[YOUR GOAL] Starting at the line that contains "Sandale femme RIEKER", write out every line through the end of the records below exactly as it appears, and leave out all pictures.

[SUPPLIED DATA]
---*---

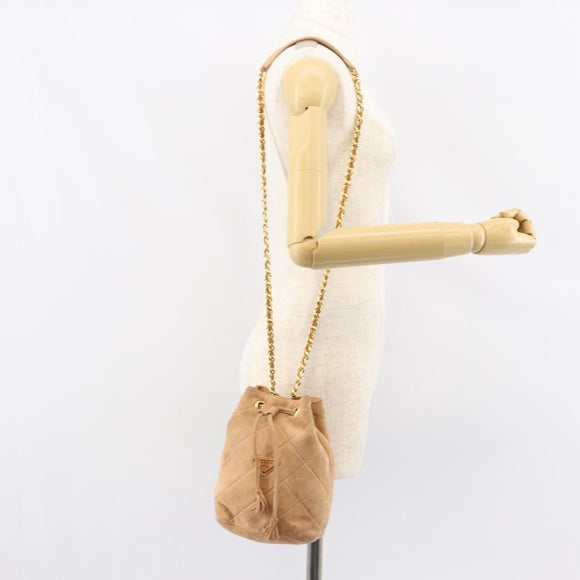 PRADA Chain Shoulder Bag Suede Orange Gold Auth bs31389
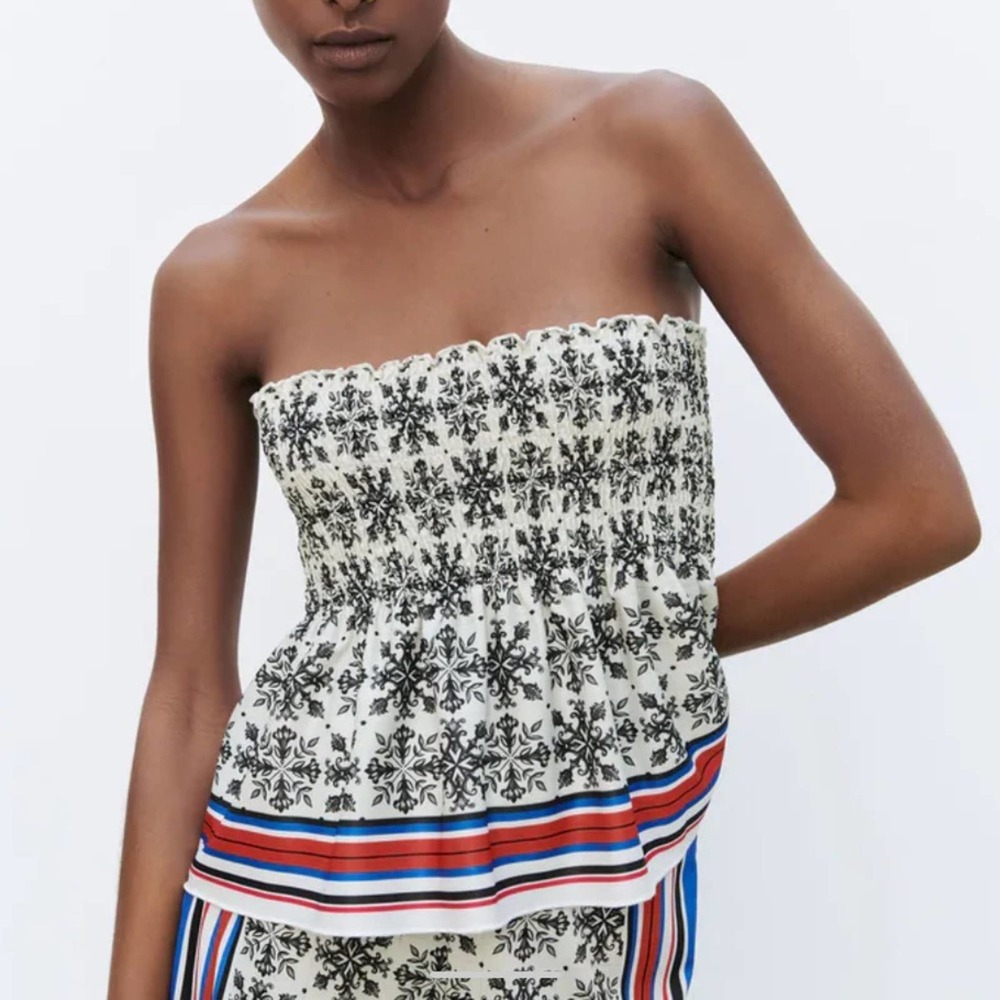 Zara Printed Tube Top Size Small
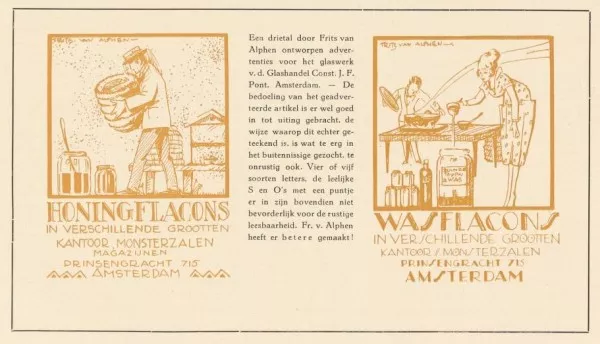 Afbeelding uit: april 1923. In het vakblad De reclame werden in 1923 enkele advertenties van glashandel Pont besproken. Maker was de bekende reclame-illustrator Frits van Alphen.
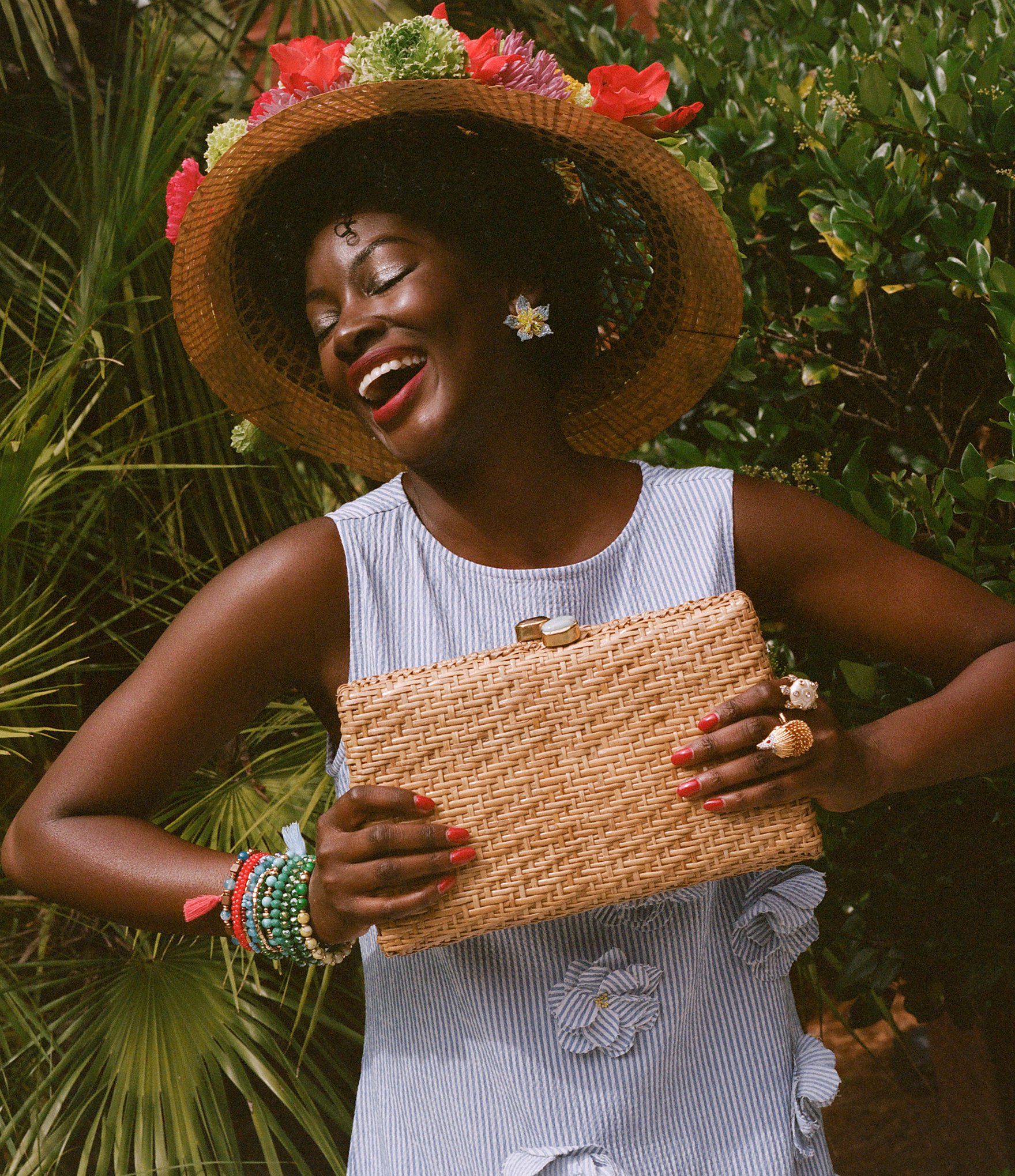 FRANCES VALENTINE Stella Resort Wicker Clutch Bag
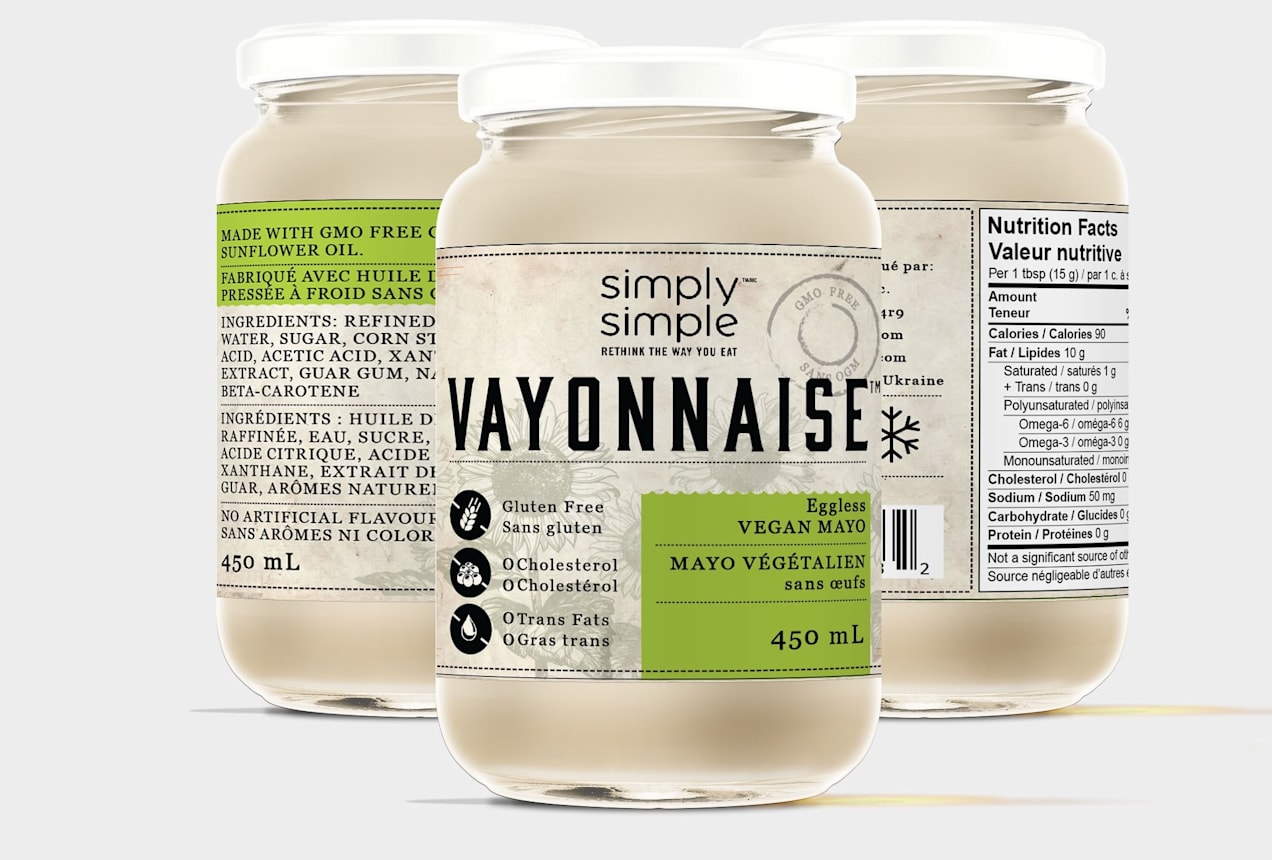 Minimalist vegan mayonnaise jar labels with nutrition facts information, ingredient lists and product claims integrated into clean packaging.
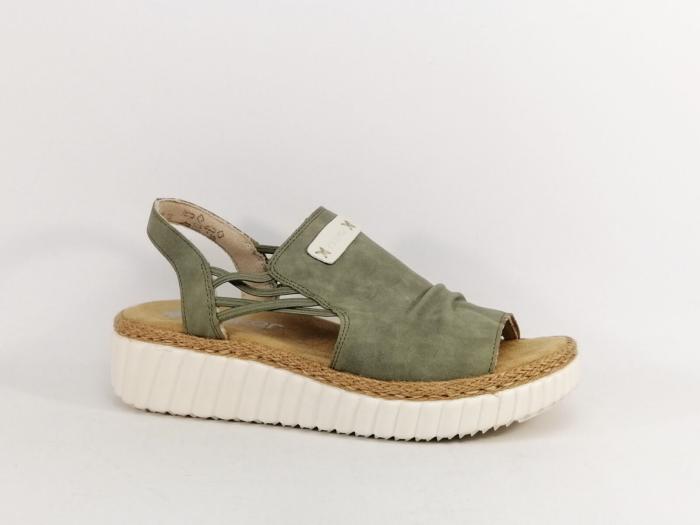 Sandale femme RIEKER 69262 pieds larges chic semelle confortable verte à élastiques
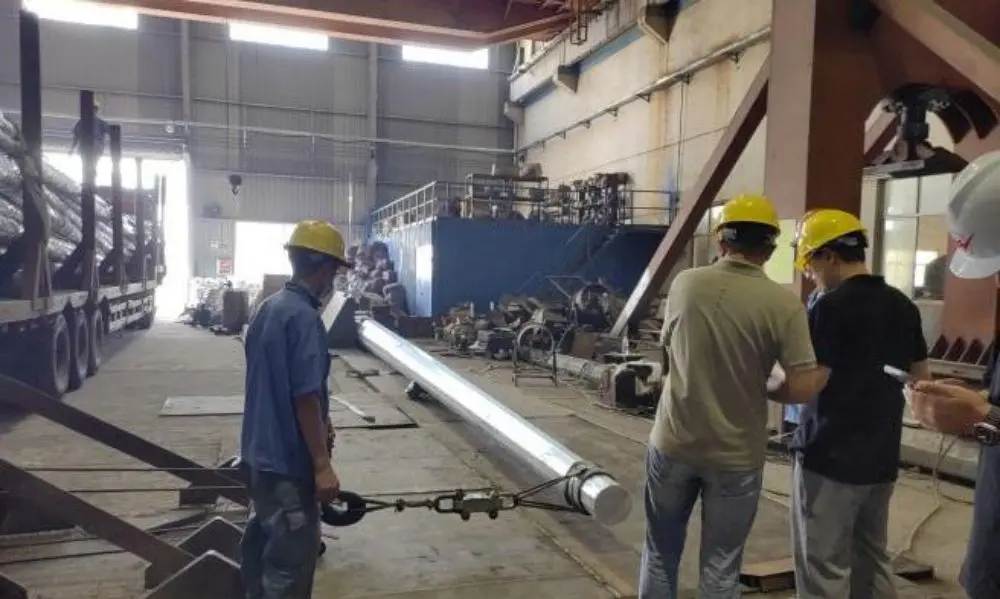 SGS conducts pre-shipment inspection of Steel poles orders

---*---

[SOLUTION TO THE EXERCISE]
 Sandale femme RIEKER 69262 pieds larges chic semelle confortable verte à élastiques
 SGS conducts pre-shipment inspection of Steel poles orders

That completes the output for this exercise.